Harare — INFLATION will reach 4 279 percent in Zimbabwe next year, a senior International Monetary Fund official has forecast.
This is significantly higher than Reserve Bank of Zimbabwe governor Gideon Gono's hopes for inflation to slow to 50 percent in 2007 and below 10 percent by 2008.
Siddharth Tiwari, deputy director in the IMF's Africa Department, said there were no bounds on how high inflation could rise and that any changes would depend on corrective policies by Zimbabwe.
"The country is in a difficult situation and has faced six years of continuous output decline, rising prices, increasing poverty and a decrease in public services . . . it's a tragic situation, frankly, and the prospects are grim," Tiwari told a news conference to discuss the economic outlook for Africa.
Tiwari's comments are of particular importance as they come just weeks ahead of a scheduled visit by an IMF team to Zimbabwe for routine consultations.

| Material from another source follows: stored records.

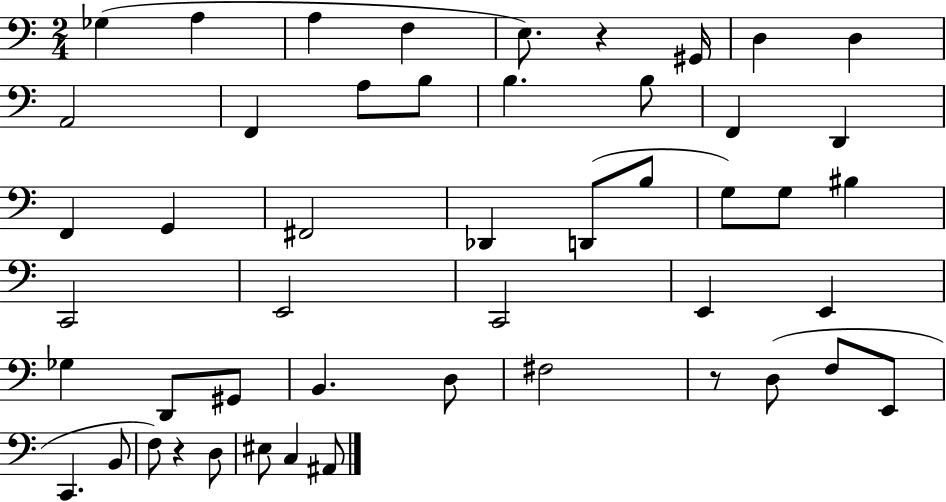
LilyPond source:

{
  \clef bass
  \numericTimeSignature
  \time 2/4
  \key c \major
  ges4( a4 | a4 f4 | e8.) r4 gis,16 | d4 d4 | \break a,2 | f,4 a8 b8 | b4. b8 | f,4 d,4 | \break f,4 g,4 | fis,2 | des,4 d,8( b8 | g8) g8 bis4 | \break c,2 | e,2 | c,2 | e,4 e,4 | \break ges4 d,8 gis,8 | b,4. d8 | fis2 | r8 d8( f8 e,8 | \break c,4. b,8 | f8) r4 d8 | eis8 c4 ais,8 | \bar "|."
}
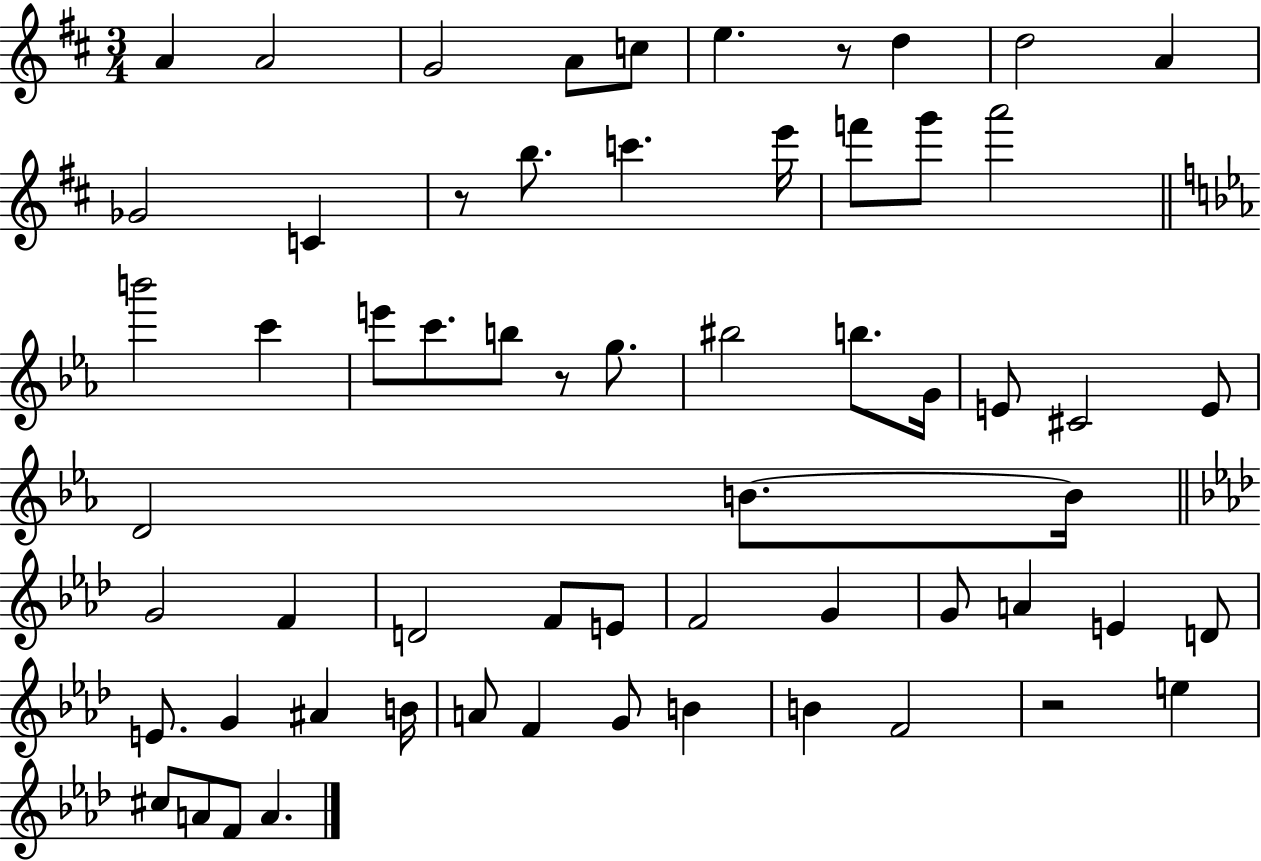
{
  \clef treble
  \numericTimeSignature
  \time 3/4
  \key d \major
  a'4 a'2 | g'2 a'8 c''8 | e''4. r8 d''4 | d''2 a'4 | \break ges'2 c'4 | r8 b''8. c'''4. e'''16 | f'''8 g'''8 a'''2 | \bar "||" \break \key ees \major b'''2 c'''4 | e'''8 c'''8. b''8 r8 g''8. | bis''2 b''8. g'16 | e'8 cis'2 e'8 | \break d'2 b'8.~~ b'16 | \bar "||" \break \key f \minor g'2 f'4 | d'2 f'8 e'8 | f'2 g'4 | g'8 a'4 e'4 d'8 | \break e'8. g'4 ais'4 b'16 | a'8 f'4 g'8 b'4 | b'4 f'2 | r2 e''4 | \break cis''8 a'8 f'8 a'4. | \bar "|."
}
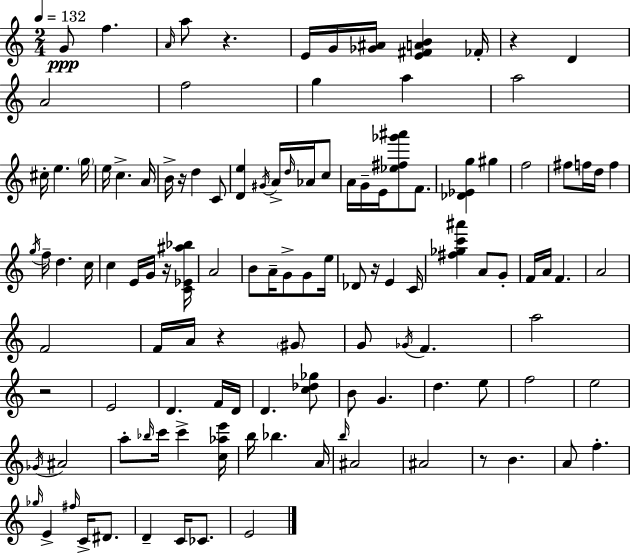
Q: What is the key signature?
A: C major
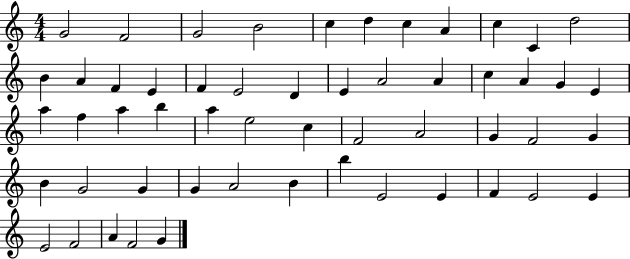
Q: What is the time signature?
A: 4/4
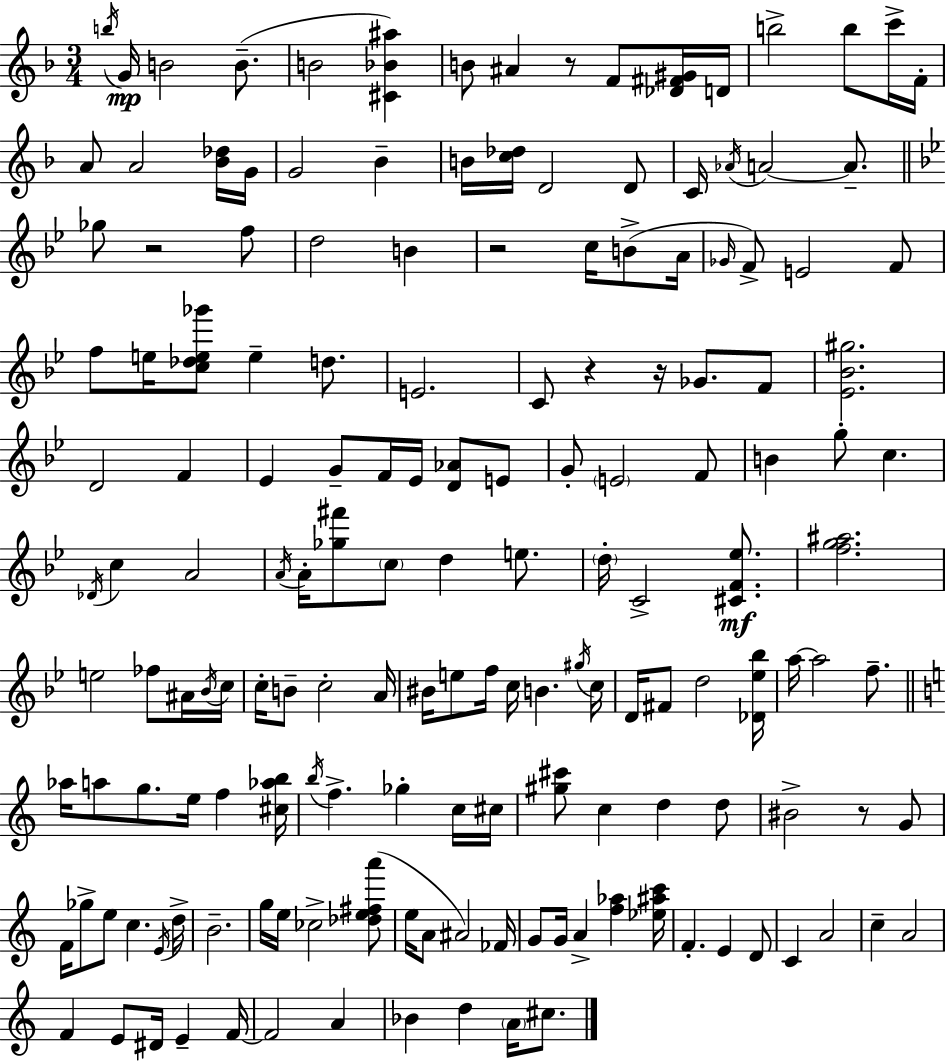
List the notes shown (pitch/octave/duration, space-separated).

B5/s G4/s B4/h B4/e. B4/h [C#4,Bb4,A#5]/q B4/e A#4/q R/e F4/e [Db4,F#4,G#4]/s D4/s B5/h B5/e C6/s F4/s A4/e A4/h [Bb4,Db5]/s G4/s G4/h Bb4/q B4/s [C5,Db5]/s D4/h D4/e C4/s Ab4/s A4/h A4/e. Gb5/e R/h F5/e D5/h B4/q R/h C5/s B4/e A4/s Gb4/s F4/e E4/h F4/e F5/e E5/s [C5,Db5,E5,Gb6]/e E5/q D5/e. E4/h. C4/e R/q R/s Gb4/e. F4/e [Eb4,Bb4,G#5]/h. D4/h F4/q Eb4/q G4/e F4/s Eb4/s [D4,Ab4]/e E4/e G4/e E4/h F4/e B4/q G5/e C5/q. Db4/s C5/q A4/h A4/s A4/s [Gb5,F#6]/e C5/e D5/q E5/e. D5/s C4/h [C#4,F4,Eb5]/e. [F5,G5,A#5]/h. E5/h FES5/e A#4/s Bb4/s C5/s C5/s B4/e C5/h A4/s BIS4/s E5/e F5/s C5/s B4/q. G#5/s C5/s D4/s F#4/e D5/h [Db4,Eb5,Bb5]/s A5/s A5/h F5/e. Ab5/s A5/e G5/e. E5/s F5/q [C#5,Ab5,B5]/s B5/s F5/q. Gb5/q C5/s C#5/s [G#5,C#6]/e C5/q D5/q D5/e BIS4/h R/e G4/e F4/s Gb5/e E5/e C5/q. E4/s D5/s B4/h. G5/s E5/s CES5/h [Db5,E5,F#5,A6]/e E5/s A4/e A#4/h FES4/s G4/e G4/s A4/q [F5,Ab5]/q [Eb5,A#5,C6]/s F4/q. E4/q D4/e C4/q A4/h C5/q A4/h F4/q E4/e D#4/s E4/q F4/s F4/h A4/q Bb4/q D5/q A4/s C#5/e.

Official figures on Friday said annual inflation rose to 1 204.6 percent compared to 993.6 percent in the year to July, the highest in the world. The government has blamed the country's six-year recession on skyrocketing inflation but critics blame it on economic mismanagement.
Tiwari said a foreign financing package for Zimbabwe reported by the media earlier this week would help, but he stressed that without proper policies, the country would not recover. Zimbabwe unveiled on September 13 a package of foreign loans worth nearly US$500m, including a US$200m facility from China, to help ease shortages of foreign currency, fuel and food, and unemployment above 70 percent.
Most of the loans will be directed at the agricultural sector, which has been hardest hit by drought and President Robert Mugabe's backing for the seizure of commercial farms for resettlement.
The Chinese loan is the first major foreign loan issues to the country since Western donors withdrew after the land seizures.